Enna
- Full name: Enna Calcio Società Cooperativa Sportiva Dilettantistica
- Nickname(s): Gialloverdi
- Founded: 1942
- Ground: Stadio Generale Gaeta Enna, Italy
- Capacity: 2,000
- Chairman: Luigi Stompo
- Manager: Giovanni Campanella
- League: Serie D/I
- 2023–24: Eccellenza Sicily – B, 1st
| Home colours | Away colours |

= Enna Calcio SCSD =

Italian football club

Enna Calcio SCSD is an Italian association football club from Enna, Sicily. They currently play in Serie D.

==History==
The club was founded in 1942, and its official colours are yellow and green. Enna plays its home matches at Stadio Generale Gaeta. The club also had a few appearances in the professional levels of Italian football, a single Serie C season in 1970–1971 and a single Serie C2 campaign in 1990–91. The club also won a trofeo Jacinto in 1990.

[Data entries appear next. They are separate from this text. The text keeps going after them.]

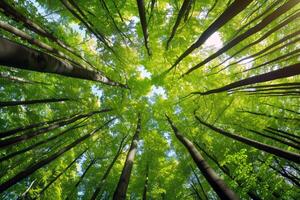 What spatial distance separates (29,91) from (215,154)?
828 cm

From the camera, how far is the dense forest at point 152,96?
6.25 metres

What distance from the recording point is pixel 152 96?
44.5 ft

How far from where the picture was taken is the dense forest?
20.5 ft

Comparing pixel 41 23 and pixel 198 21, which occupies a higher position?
pixel 41 23

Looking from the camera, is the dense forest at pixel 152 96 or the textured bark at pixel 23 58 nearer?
the textured bark at pixel 23 58

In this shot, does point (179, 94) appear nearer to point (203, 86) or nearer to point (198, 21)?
point (203, 86)

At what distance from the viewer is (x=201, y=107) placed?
9.50 m

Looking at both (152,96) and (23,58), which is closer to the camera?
(23,58)

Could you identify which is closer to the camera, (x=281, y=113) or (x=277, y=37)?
(x=277, y=37)

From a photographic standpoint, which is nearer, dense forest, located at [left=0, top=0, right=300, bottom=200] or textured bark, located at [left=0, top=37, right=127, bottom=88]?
textured bark, located at [left=0, top=37, right=127, bottom=88]

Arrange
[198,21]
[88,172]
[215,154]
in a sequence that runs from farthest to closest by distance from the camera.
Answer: [88,172] < [215,154] < [198,21]

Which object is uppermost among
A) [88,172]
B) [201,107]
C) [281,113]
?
[201,107]

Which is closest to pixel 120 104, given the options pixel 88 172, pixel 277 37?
pixel 277 37

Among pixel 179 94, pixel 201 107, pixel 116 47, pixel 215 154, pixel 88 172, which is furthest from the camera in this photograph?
pixel 88 172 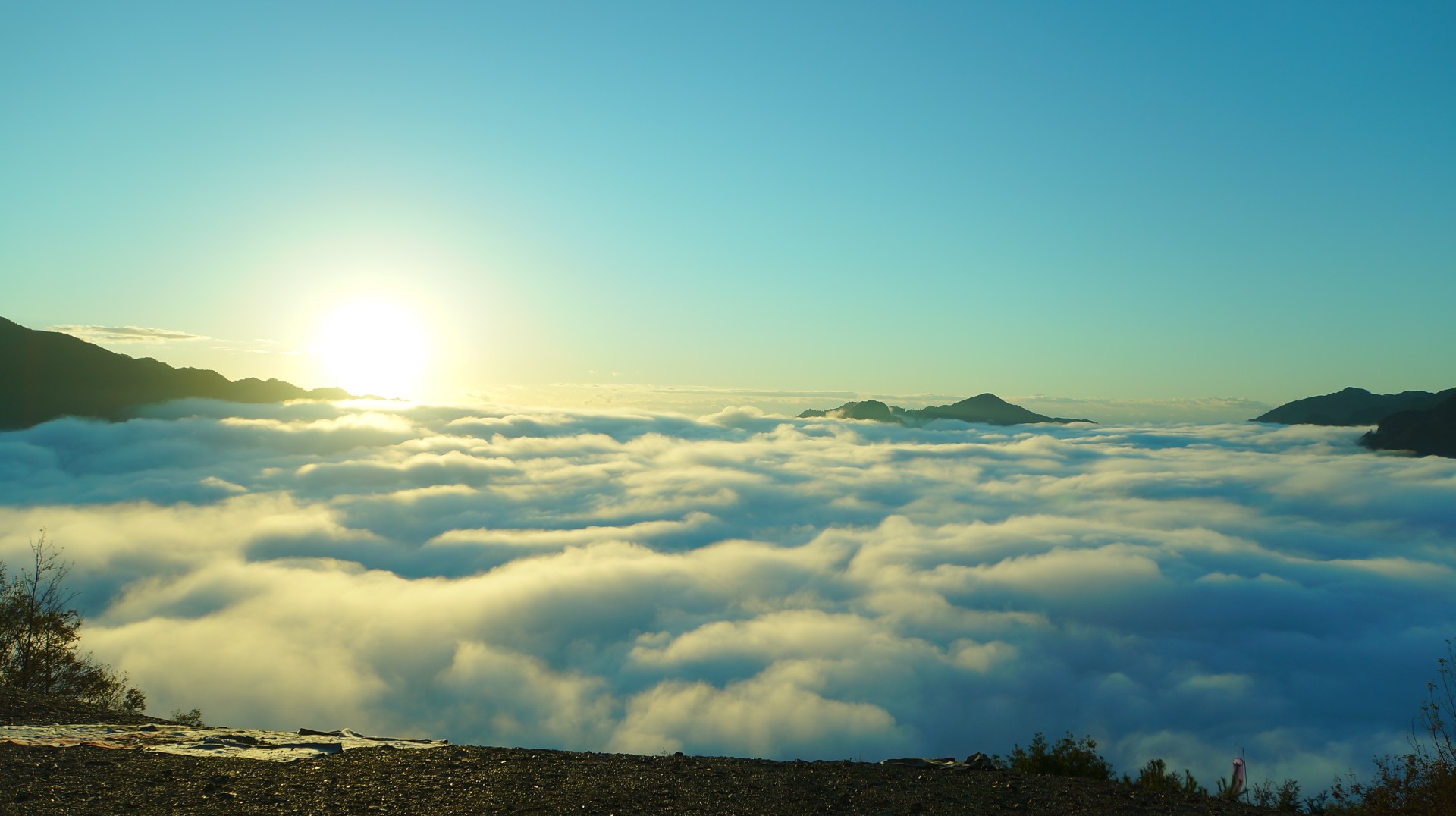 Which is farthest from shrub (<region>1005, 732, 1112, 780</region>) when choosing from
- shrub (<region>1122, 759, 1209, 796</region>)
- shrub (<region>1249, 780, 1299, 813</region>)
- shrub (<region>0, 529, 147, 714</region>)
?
shrub (<region>0, 529, 147, 714</region>)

After being relegated to Serie D in 1991, the club went bankrupt and restarted from the lower ranks of regional amateur football, eventually playing at the Eccellenza and Promozione levels for the next few decades. In the 2022–23 season, Enna lost promotion in the final games of the season to Akragas and then were defeated by Siracusa in the national playoff finals.

In 2024, Enna were promoted to Serie D as Eccellenza Sicily winners.